26 de outubro de 2012

A caminho de casa vejo sentado na paragem do autocarro um homem com um fato completo, muito engomado. Tem a camisa aberta dois ou três botões, o cabelo encaracolado puxado para trás, os olhos grandes, maiores que o rosto, muitos sinais pequenos como a minha mãe e é moreno como um cabrita. Encurvado, segura um pequeno pacote de papel nas mãos, de onde tira castanhas ainda a fumegar. Chego à paragem e depois de fumar um cigarro, sento-me ao seu lado e desejo uma daquelas castanhas. Ele oferece-me uma, eu estou sem grande surpresa. Qualquer coisa neste homem me parecia familiar, como se tivéssemos marcado ali encontro, neste dia e a esta hora.
Enquanto descasco a castanha, digo-lhe para agradecer e porque é verdade: «É a primeira que vou comer este ano! Parece estar bem assada.» Ele sorri, confirma a veracidade do que acabo de dizer e imediatamente prolonga a conversa com um convite para jantar. Recuso o mais delicadamente possível, dizendo que vou ao cinema, o que é verdade. Então ele começa a falar sobre cinema, ou melhor, sobre cinemas.
Diz primeiro que ao que parece, «esse acontecimento que anda aí com muitos filmes, que passa depois da televisão» está a ter muito sucesso. «O DocLisboa?», pergunto, «Isso mesmo!», responde sorrindo.
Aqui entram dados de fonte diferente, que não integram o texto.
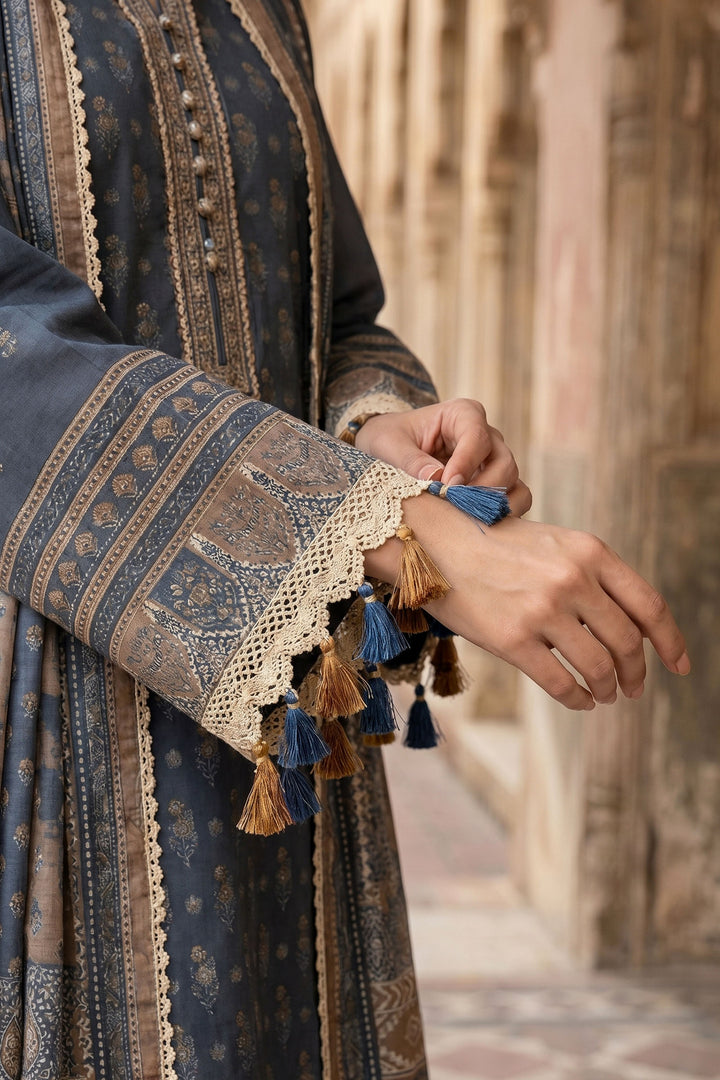 Blue 3 Piece Unstitched Premium Printed Lawn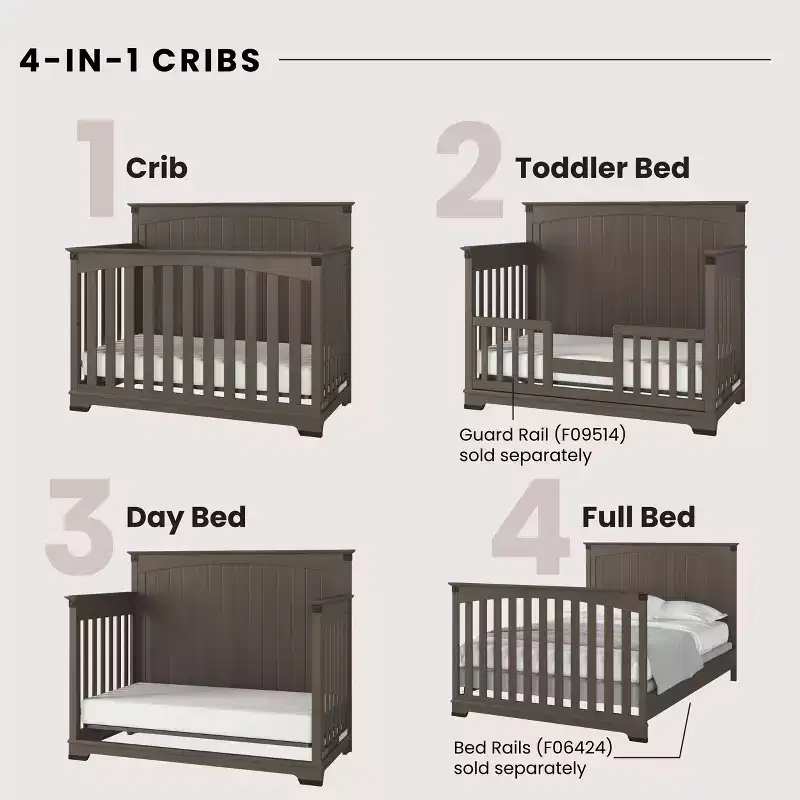 Child Craft Redmond Full Panel Crib, Changing Table Dresser & Chest 4 Piece Nursery Set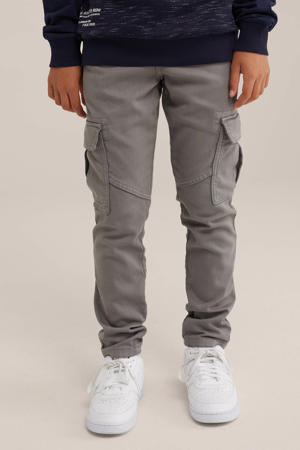 slim fit cargobroek grijs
Depois fala dos cinemas onde costumava ir em Lisboa. A lista é infindável. Éden, Odeon, Paris, São Jorge, Alvalade, Quarteto, Cinearte, um que havia no Coliseu, o do Chiado(-Terrasse), o Império, o Monumental e mais. Estou impressionada, e digo-lho, com a quantidade de salas de cinema que havia em Lisboa. Ele responde, naturalmente, que a televisão veio alterar tudo. Vejo-o olhar para a frente e hesitar brevemente antes de me segredar: «Aqui que ninguém nos ouve, eu até chegava a ir aos Piolhos». «Os Piolhos? O que eram os Piolhos?», pergunto, imaginando já a resposta. «O Piolho era ali no Olympia! E havia outro lá em baixo, no Martim Moniz!» Olhos nos olhos, bem abertos, largamos os dois a rir. Quando olhávamos um para o outro riamos mais alto. Um outro homem na paragem olhava para nós com um ar desconfiado. O homem das castanhas diz-me baixinho: «As sessões eram contínuas...!» E voltamos a rir antes de ficarmos os dois em silêncio a olhar para a frente, a pairar.